Wednesday, 22 January 2014

Places to Quaff and Quarrel - The Black Griffin

The Black Griffin, Canterbury. Curious mythical beast, winged creature of yore, hovering claws and golden of okay I’ll stop. Here is the first in what I hope will be a series of some reviews of places I have visited and did not die in.

I had to meet a friend. I had to meet them for food and to discuss the best way to make people act, on stage, without use of electricity. We normally do this over a large plate of nachos and shame in a pub far away from the city centre. 
 
But I was restless, and had been browsing the internet, looking for something more than tortillas. After looking at several bars and some pictures of worried twigs for a period of time, I chance upon my past, in the form of The Black Griffin.
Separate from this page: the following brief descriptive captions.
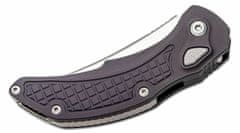 Microtech 268A-12 Brachial Serrated automatický vreckový nôž 8,9 cm, Stonewash, čierna, hliník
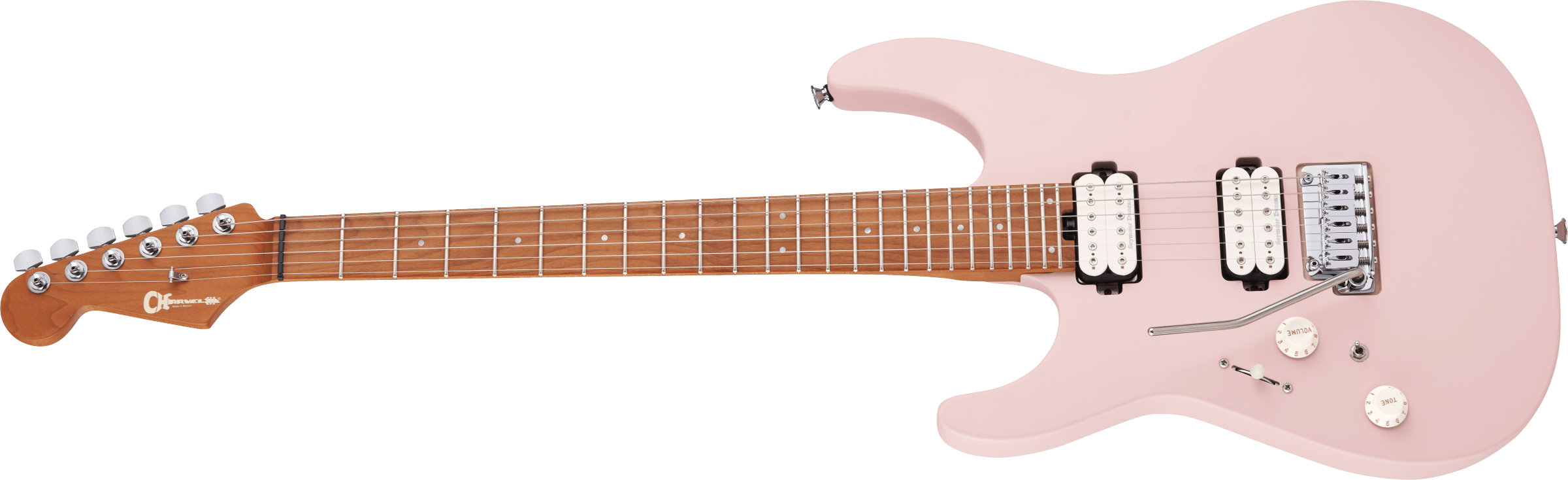 Pro-Mod DK24 HH 2PT CM LH, Caramelized Fingerboard, Satin Shell Pink追加画像 Pro-Mod DK24 HH 2PT CM LH, Caramelized Fingerboard, Satin Shell Pink追加画像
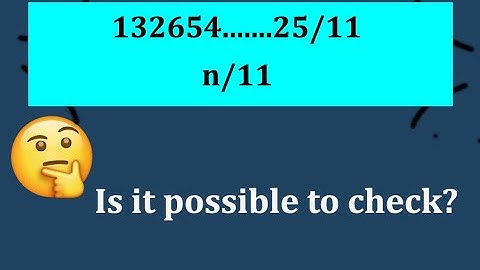Write program to check whether a number is divisible by 11 or not || in c++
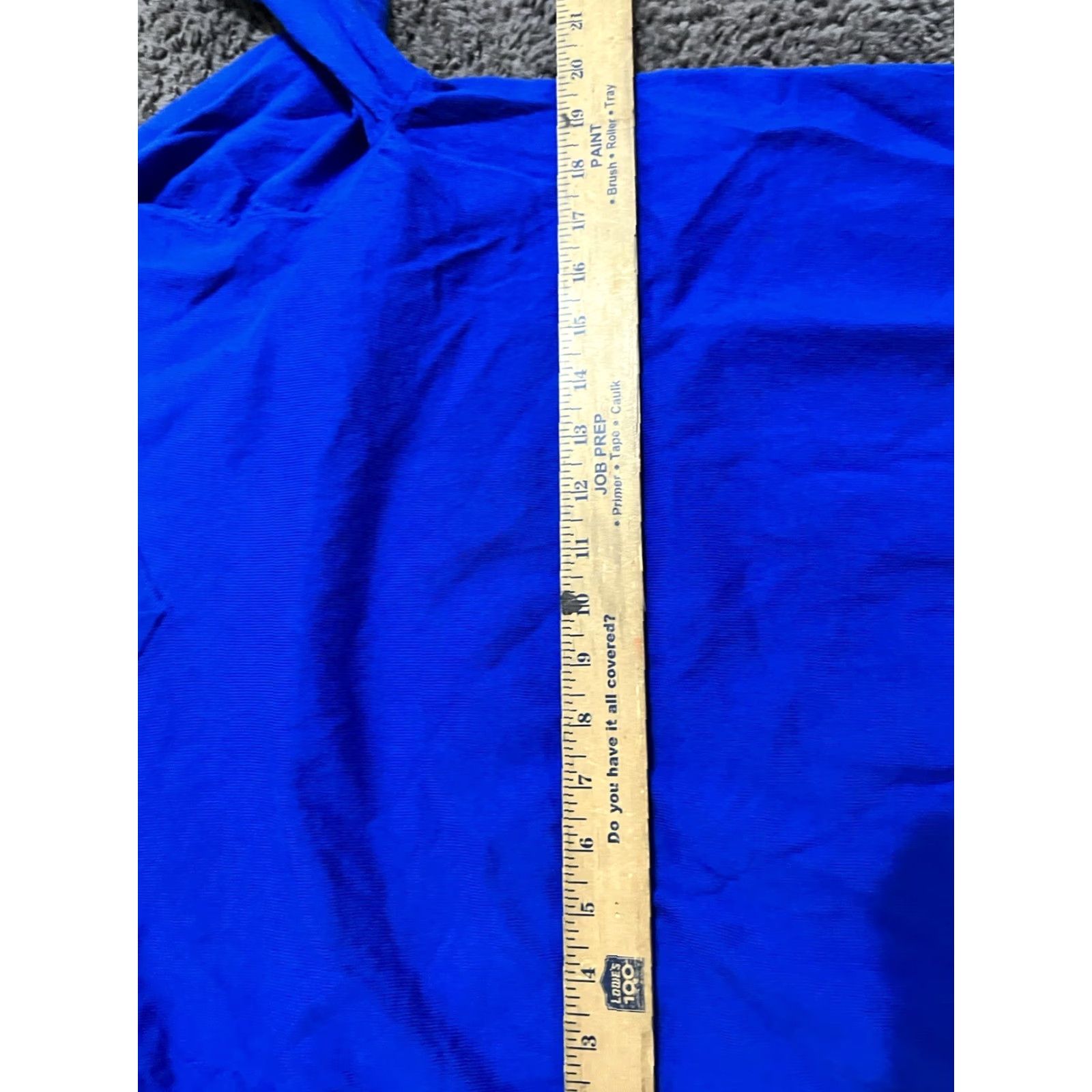 Alfani ALFANI L Mens Long Sleeve V-Neck Blue Cotton Sweater Shirt Top Regular Fit Size US L / EU 52-54 / 3 - 4 Thumbnail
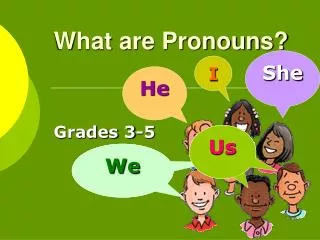 What are Pronouns?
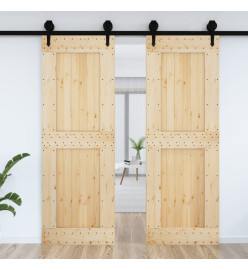 Porte 80x210 cm bois massif de pin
The Black Griffin, photo courtesy of TripAdvisor
This photo of The Black Griffin is courtesy of TripAdvisor.
Thank you, Tripadvisor
This pub and I had a history. Not an unpleasant one, not like a rash or a nemesis. Let's call it a relationship that had run its course. We were both very different back then, at the turn of the century. The Black Griffin was called The Hobgoblin, and it was a black-doused rock pub, populated by metallers, goths, punk and the needy. I spent many a night in this pub with my then metal-obsessed partner. Sad story, really - he loved metal so much that he sadly expired while trying to gather some from a forge in Cornwall…..or he might be a DJ now. I’m not certain.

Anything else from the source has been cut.